The task is to find the longest common substring of a multitude of long strings. I'm trying to find the best algorithm that wouldn't use syntax trees/arrays (as I don't know anything about them yet).
The idea was to use binary search to find the length of the desired substring, instead of simply trying n, then (n - 1) etc.
My code looks like this:
-- find all the substrings of length n
ngrams :: Int -> String -> [String]
ngrams n s | n > length s = []
| otherwise = take n s : ngrams n (drop 1 s)
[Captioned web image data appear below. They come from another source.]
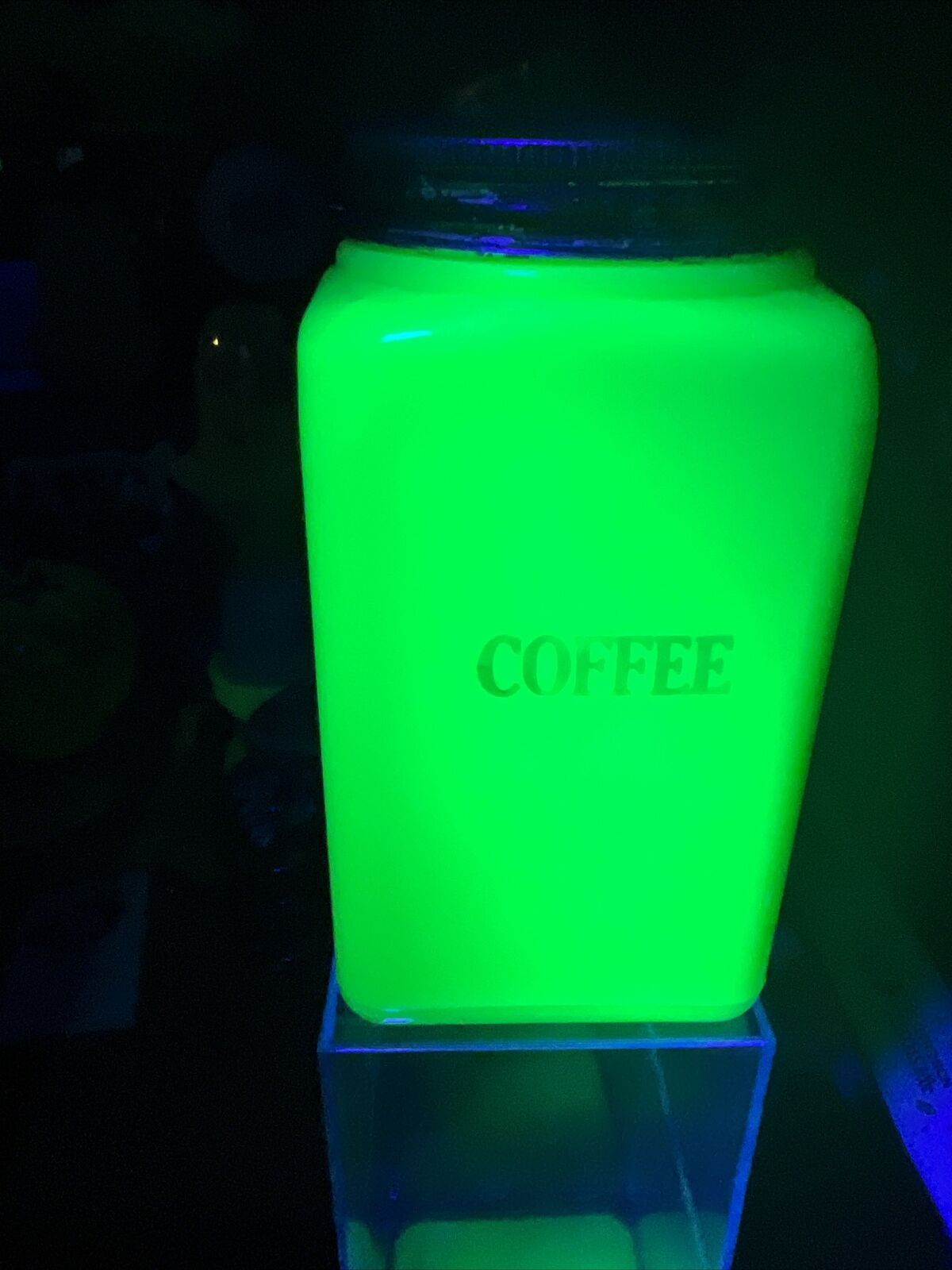 Vintage McKee Jadeite Coffee Jar with Lid Canister
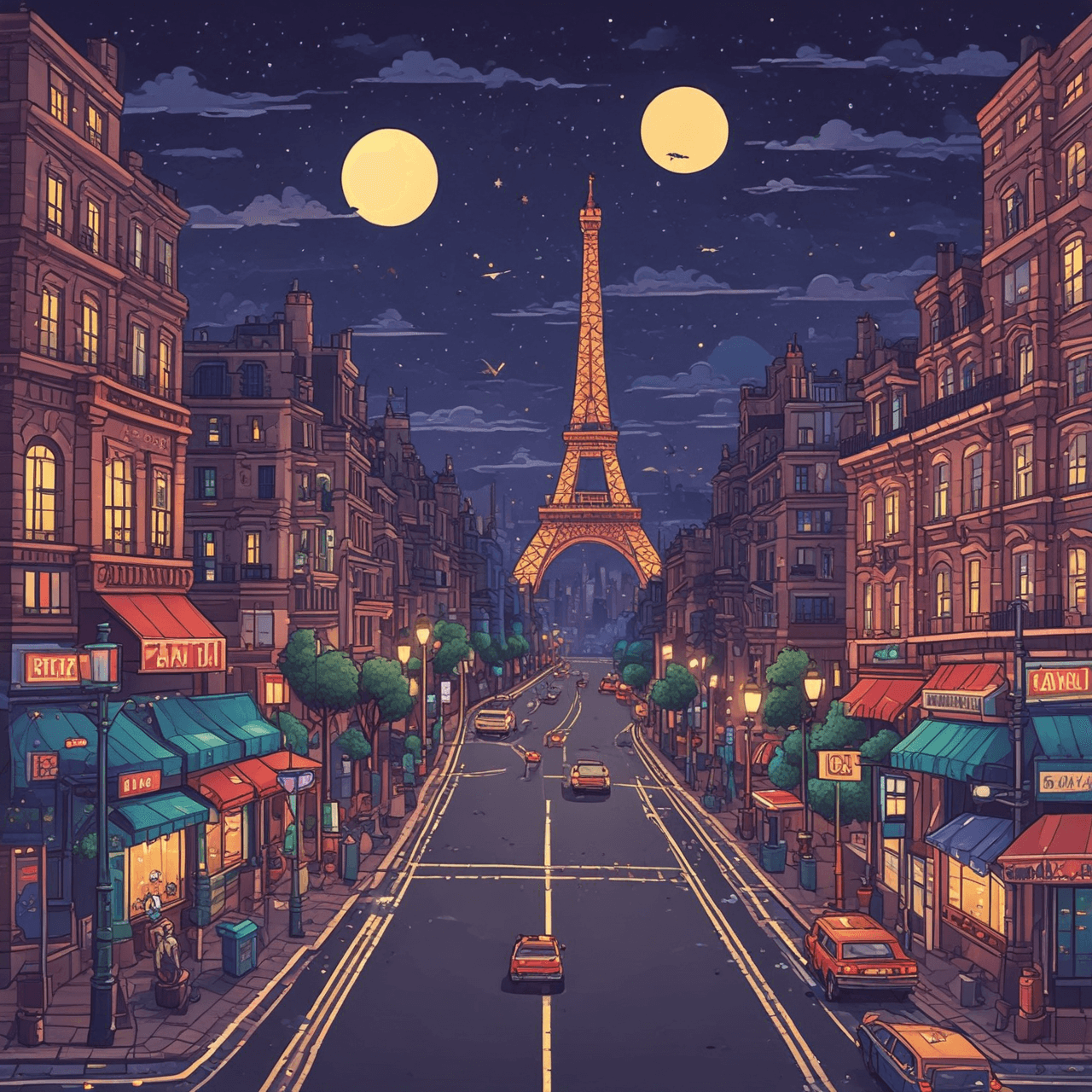 Parisian Pursuit game banner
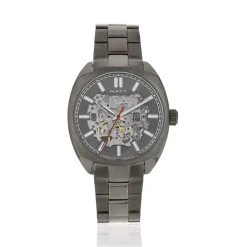 Montre homme squelette automatique acier bracelet acier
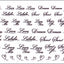 Amaily Nail Sticker No. 2-8 Lalala Black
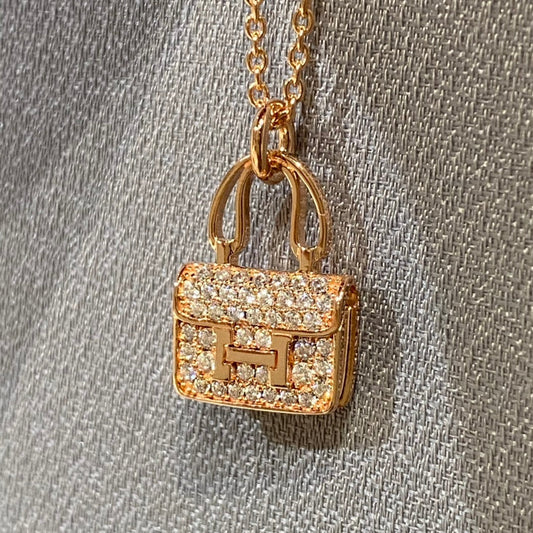 [⭐Corinne]CONSTANCE PEDANT DIAMOND NECKLACE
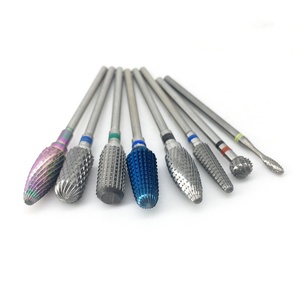 電気バッファ<span class=keywords><strong>3</strong></span>/32 "レインボーブルーゴールドアクリル除去ネイルカーバイドネイルドリルビット - Product Image 6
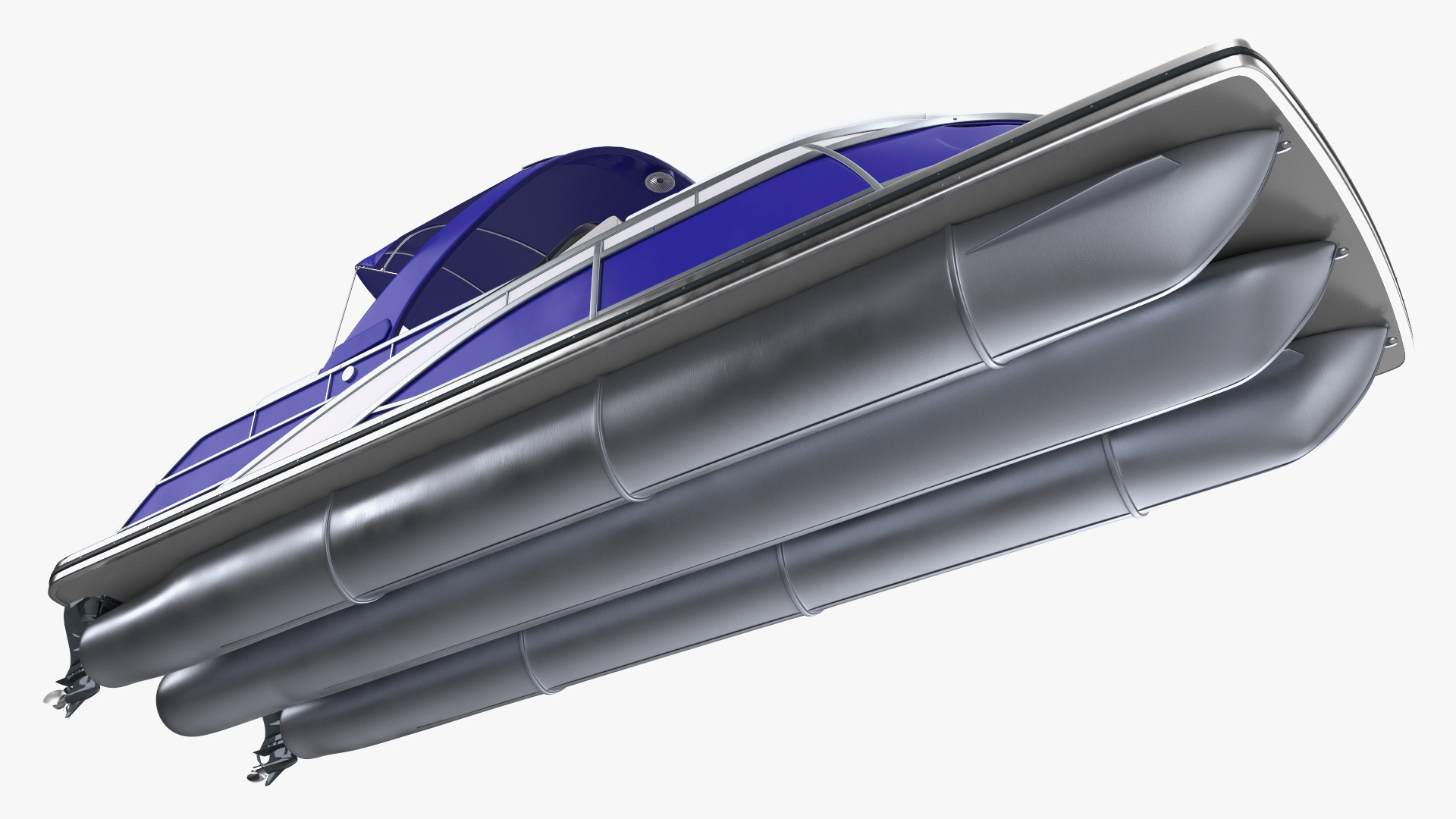 3D Designer Pontoon Boat Blue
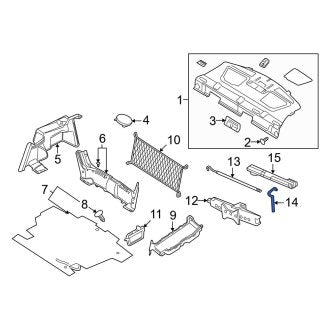 New OEM Wheel Lug Wrench Bracket Fits, 2006-2012 Ford Fusion - Part # W712041S439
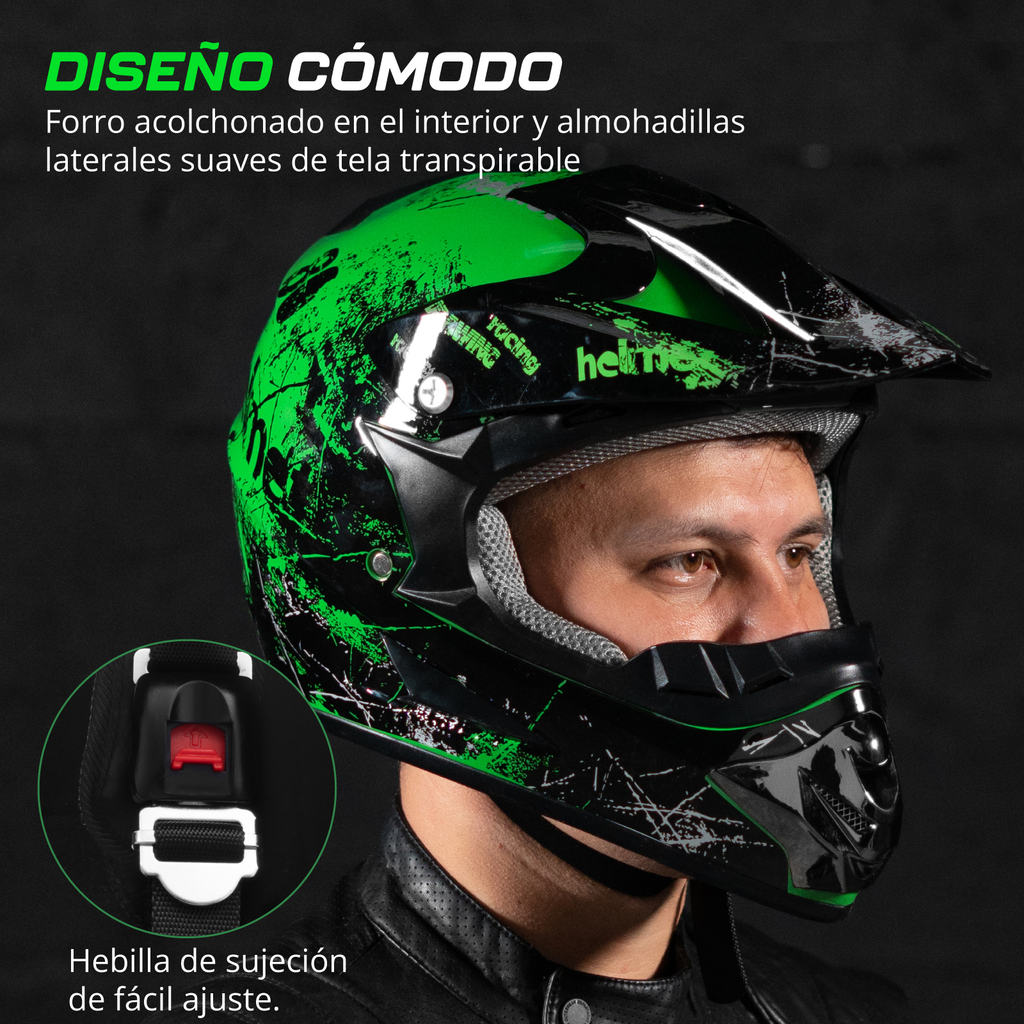 Casco Para Motocross Enduro Certificado Dot Para Motocicleta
-- find the longest common substring of multiple strings
longestCommonSubstring :: [String] -> String
longestCommonSubstring xs = go 0 $ length (head xs) + 1
where
-- find a substring of a given length n that is common to all strings
commonSubstrings n = foldr1 intersect (map (ngrams n) xs)
go l r
-- if the binary search ended, pick one common substring
| r - l == 1 = head $ commonSubstrings l
| otherwise
= case commonSubstrings m of
[] -> go l m -- the length is too big, try a smaller one
_ -> go m r -- try longer length to find longer substring
where
m = (l + r) `div` 2 -- the middle point
It runs at around 3s for my dataset (~100 strings of length ~1000), which seems slow to me. Is there any way to clean up and quicken the code? And is there a better way to approach this problem (apart from the syntax trees) in general?